Fri Aug 14 11:45:24 CEST 2009

On Thu, 13 Aug 2009 13:42:39 -0400
Simon Urbanek <simon.urbanek at r-project.org> wrote:

> I'm not convinced that what you propose is a good idea. First, I
> don't quite understand why you would want to use an existing SEXP -
> if you had a valid SEXP for the current R instance, then there is no
> need for R_RegisterObject. If the SEXP is from a different R instance

What I need is being able to map an arbitrary memory region containing
primitive data types to a SEXP. I basically need zero copy.

Maybe the function name is misleading. I don't really care about
sharing the SEXP itself between instances, I just want to share the
content of course.

What I'm doing now is pre-calculating the space needed for the SEXP
header, so that DATA_PTR is exactly at page boundaries.

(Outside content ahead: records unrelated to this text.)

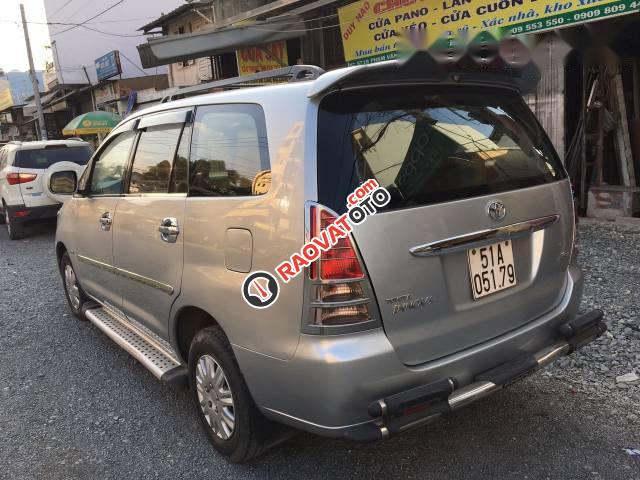 Bán xe Toyota Innova đời 2006, màu bạc, 219tr-1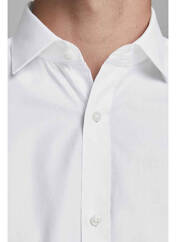 Chemise manches longues blanc JACK & JONES pour homme seconde vue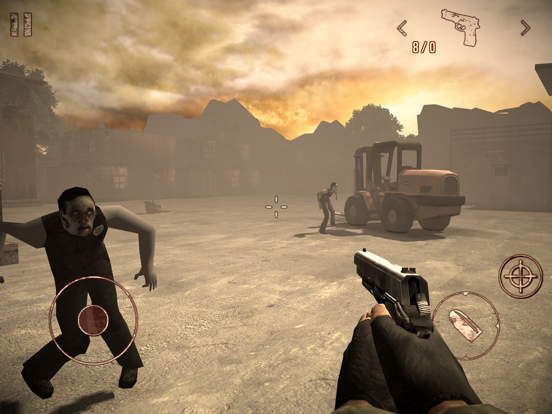 Screenshot #5 pour Road to Zombie Wasteland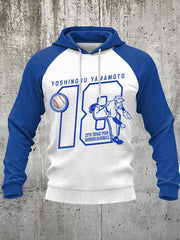 Men's Yoshinobu Yamamoto Dodgers Baseball Los Angeles Dodgers MLB 2025 Hoodie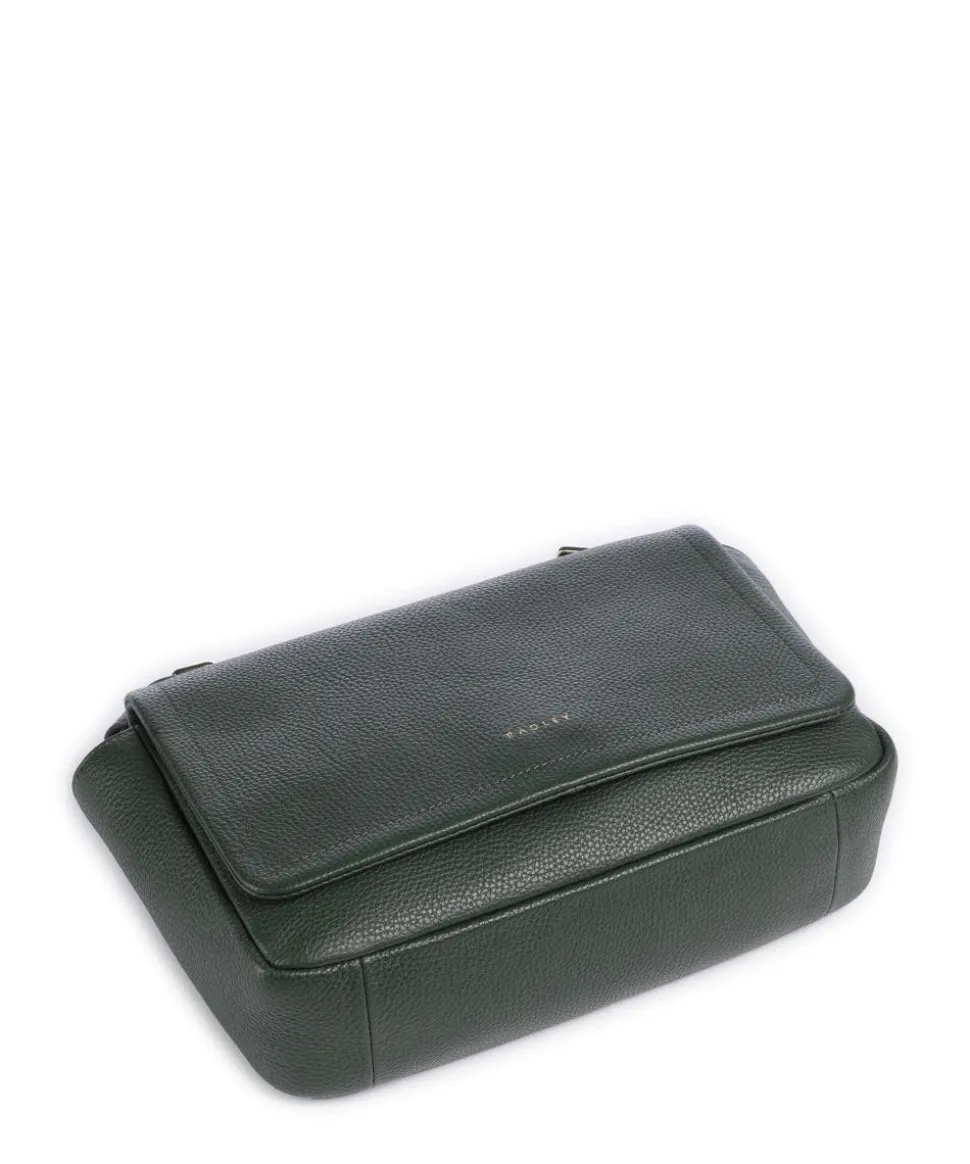 Sycamore Grove Umhängetasche Leder dunkelgrün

Every process
then gets his own copy of the SEXP structure (which is initialized in
each instance), but shares the content. This wastes a page for every
SEXP structure, but it's worth it considering the size of the array.

> What you possibly want (AFAIR) is a special allocVector version for  
> primitive types that defines the memory location in advance, so you  
> could specify a COW memmapped region used by the SEXP from the other  
> instance. Still, in either case you can only share primitive types  

An allocVector-like interface would be the same for me:

  SEXP* allocVector(type, n, void* ptr)

though I would still need to know the offset from where the data
starts.

Right know, I'm doing the work of allocVector in the extension, and
then calling R_RegisterObject. Using allocVector(type, n, ptr) is
certainly more sane.

> (INTSXP, REALSXP, LGLSXP, CPLXSXP) because anything more complex  
> (VECSXP, STRSXP, ...) requires you to re-map the payload as well and  
> you're back in the trouble of dependent SEXPs. But maybe I'm missing  

I'm aware of this, but that's enough.
I handled strings by normally calling allocVector and creating copies.

> PS: In addition, I think your implementation of R_UnregisterObject
> is too dangerous and superfluous - AFAICS it will break if there
> happens to exist a reference to the node (which you have no control
> of) since you unsnap it unconditionally. It also makes it impossible
> to use a finalizer, because you're forcefully preserving the object
> from collection (R actually allows double-release but you should not
> rely on it). Normally, you should not need R_UnregisterObject at
> all, because the GC should take care of it once you release it.

I see. I don't want the GC to take any action on the node however,
since trying to free() would fail, and re-using the content would
duplicate shared pages.

Would unsnapping the object from a finalizer be a good solution
instead or using R_[Un]ProtectObject?